[Crawled caption data]
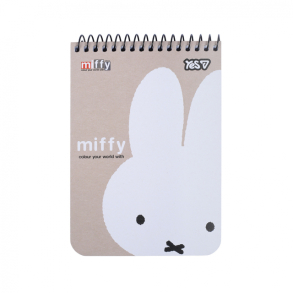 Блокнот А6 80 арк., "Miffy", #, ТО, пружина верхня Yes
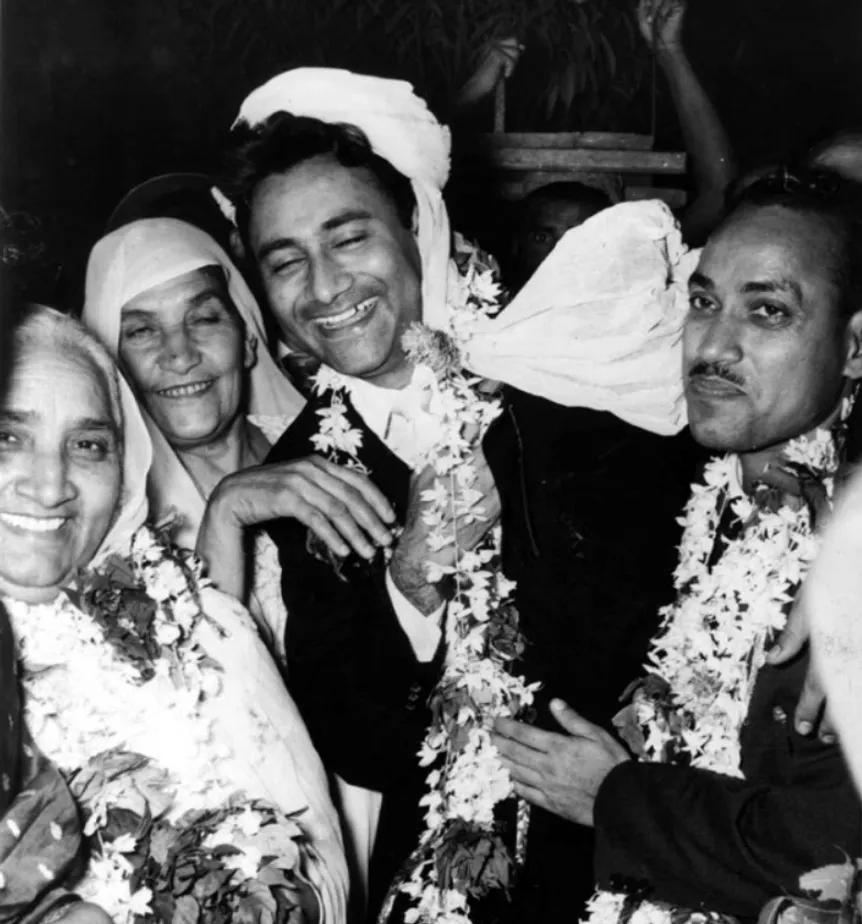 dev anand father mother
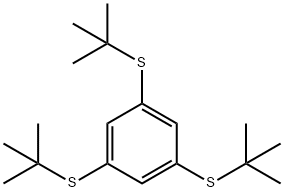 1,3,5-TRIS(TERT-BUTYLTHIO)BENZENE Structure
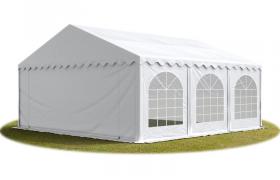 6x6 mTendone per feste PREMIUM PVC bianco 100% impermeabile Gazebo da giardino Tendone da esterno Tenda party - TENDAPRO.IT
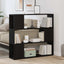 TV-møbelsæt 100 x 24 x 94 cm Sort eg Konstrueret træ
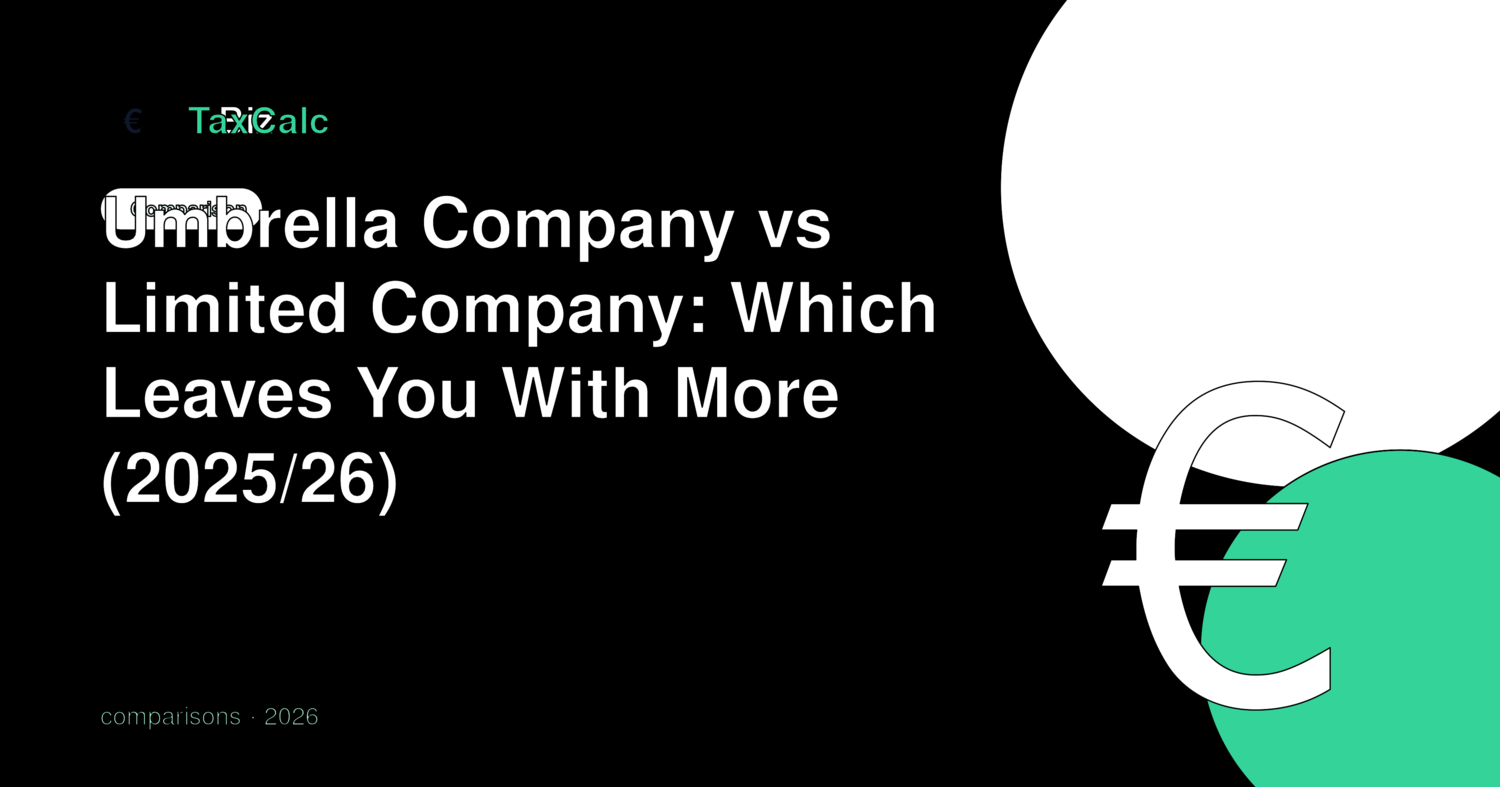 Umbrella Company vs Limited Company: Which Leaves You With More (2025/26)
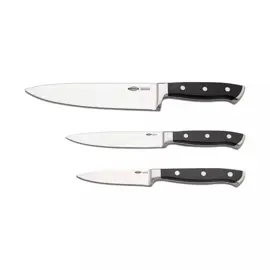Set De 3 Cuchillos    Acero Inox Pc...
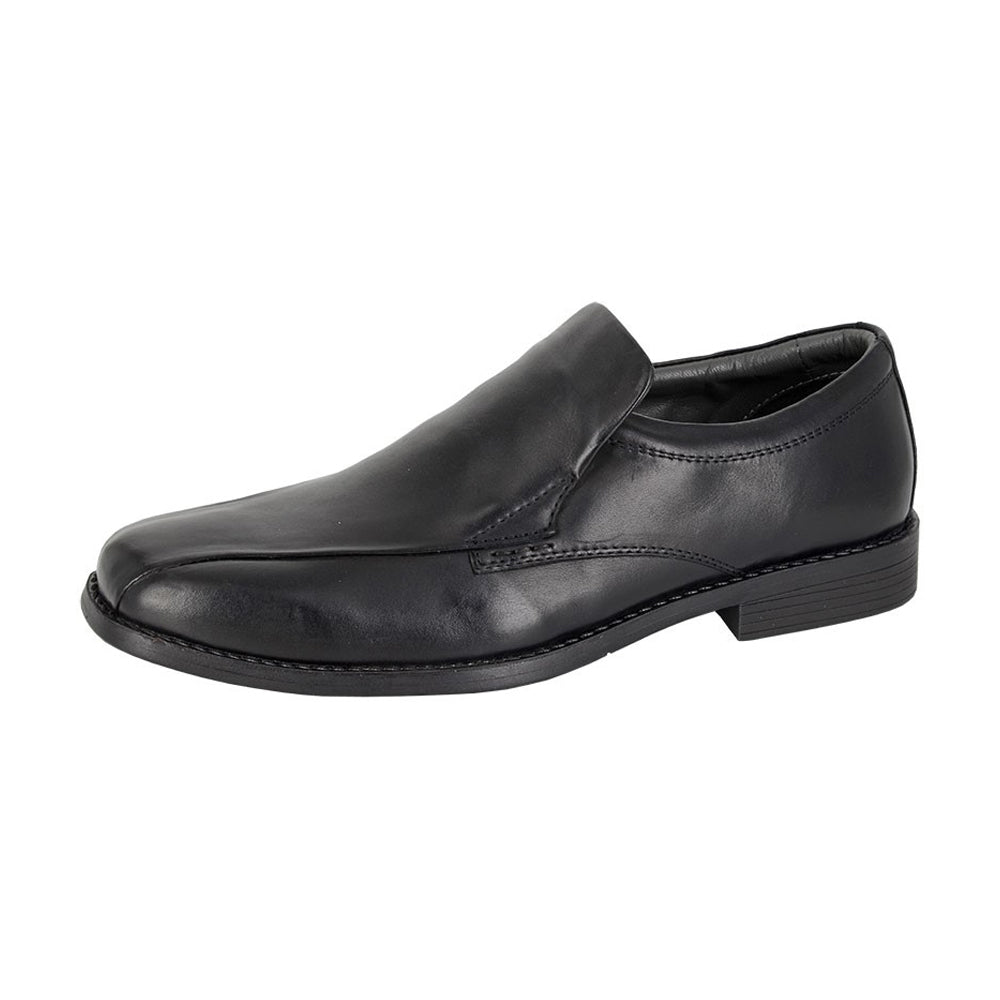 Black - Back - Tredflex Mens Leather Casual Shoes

▶ WHAT TO PRODUCE:
Repeat word for word, leaving out the pictures, each line of the records from the line that holds "Umbrella Company vs" through the final one.

▶ OUTPUT OF THE TASK:
 Umbrella Company vs Limited Company: Which Leaves You With More (2025/26)
Set De 3 Cuchillos    Acero Inox Pc...
 Black - Back - Tredflex Mens Leather Casual Shoes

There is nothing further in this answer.